The book kicks off with James Goss’s tale of Ashildr’s encounters with mythical creatures, followed by David Llewellyn’s piratical story. Jenny Colgan’s contribution is taken from Ashildr’s journals, and chronicles one of the hardest times in her life – and the only one glimpsed in The Woman Who Lived. Justin Richards provides a Dark Tower for Ashildr to enter, facing her own demons along the way.

Goss takes the Legends part of the title to heart, presenting the story in a narrative form borrowed from the Arabian Knights, set at a time when Ashildr is still, to an extent, enjoying her immortality. Llewellyn ramps up the SF level of the story with a very sharp left turn midway through that demonstrates how different Ashildr is from other time travellers and immortals we’ve met along the way.

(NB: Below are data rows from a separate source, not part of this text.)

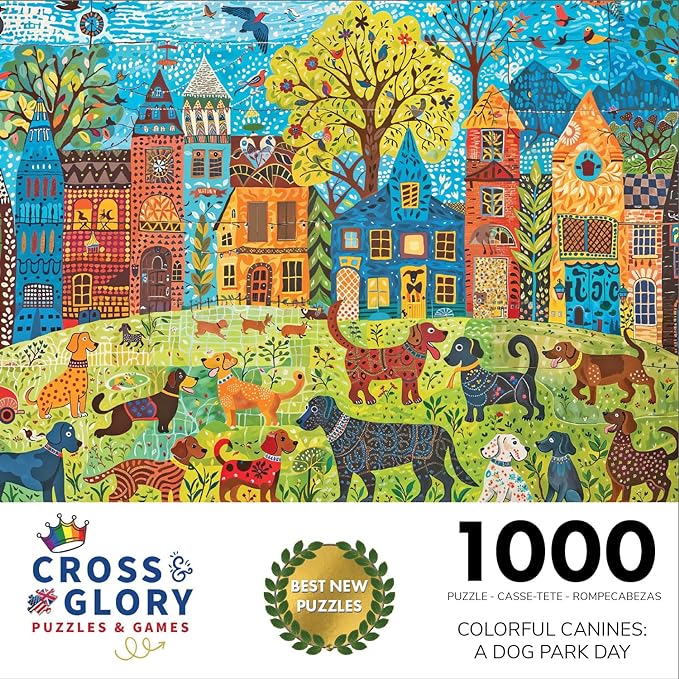 Canidés colorés : Une journée au parc canin - Puzzle 1 000 pièces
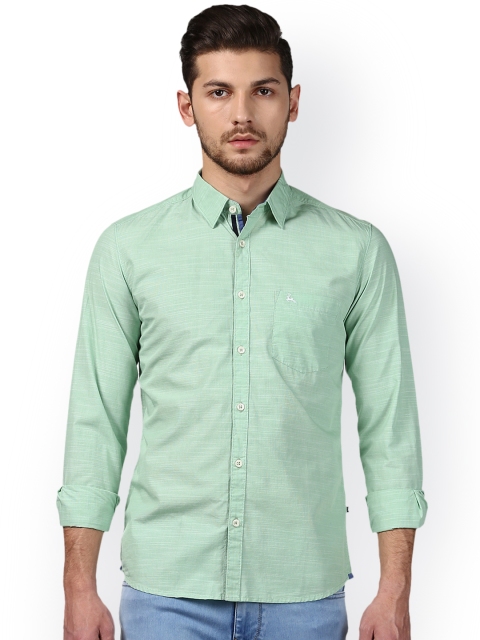 

Parx Men Green Slim Fit Solid Casual Shirt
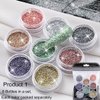 8 Colors Sparkling Crystal Diamond Nail Powder,5 PCS Nail Art Tools Nail File Buffer Stainless Steel Dual End Pusher,Nail Glitter Shiny Pigment Powder and Professional Pedicure Manicure Tools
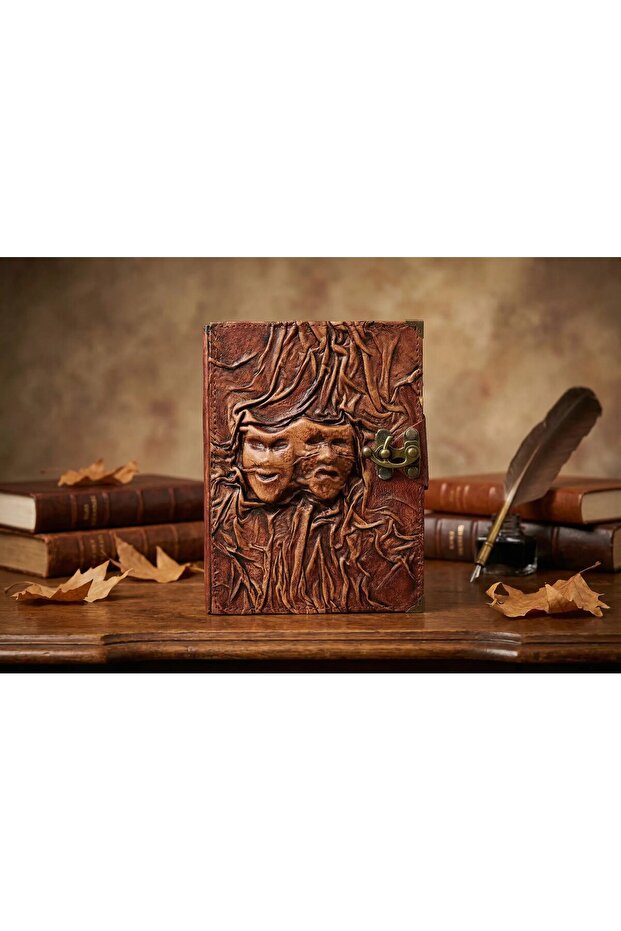 Art Series Large Size Theater Figure (17X23 cm) Gift Souvenir Notebook Daily Journal Raw Leather Handmade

Colgan’s story is up there with Joanne Harris’ Third Doctor Time Trip The Loneliness of the Long Distance Time Traveller and Matt Jones’ The Nine-Day Queen (from the mid-90s Decalog collection), in terms of its depiction of heartrending emotions. We knew Ashildr lost her children in the plague; now we go through it with her. As with those other two stories, you may well find there’s something in your eye by the end – and if I had to choose one of the four, this is the one I’d like to hear Williams read. The collection ends with a shorter story from Richards that ties together some of the themes from the preceding three tales as well as showing us an Ashildr whose harder crust is now accreting around her as a result.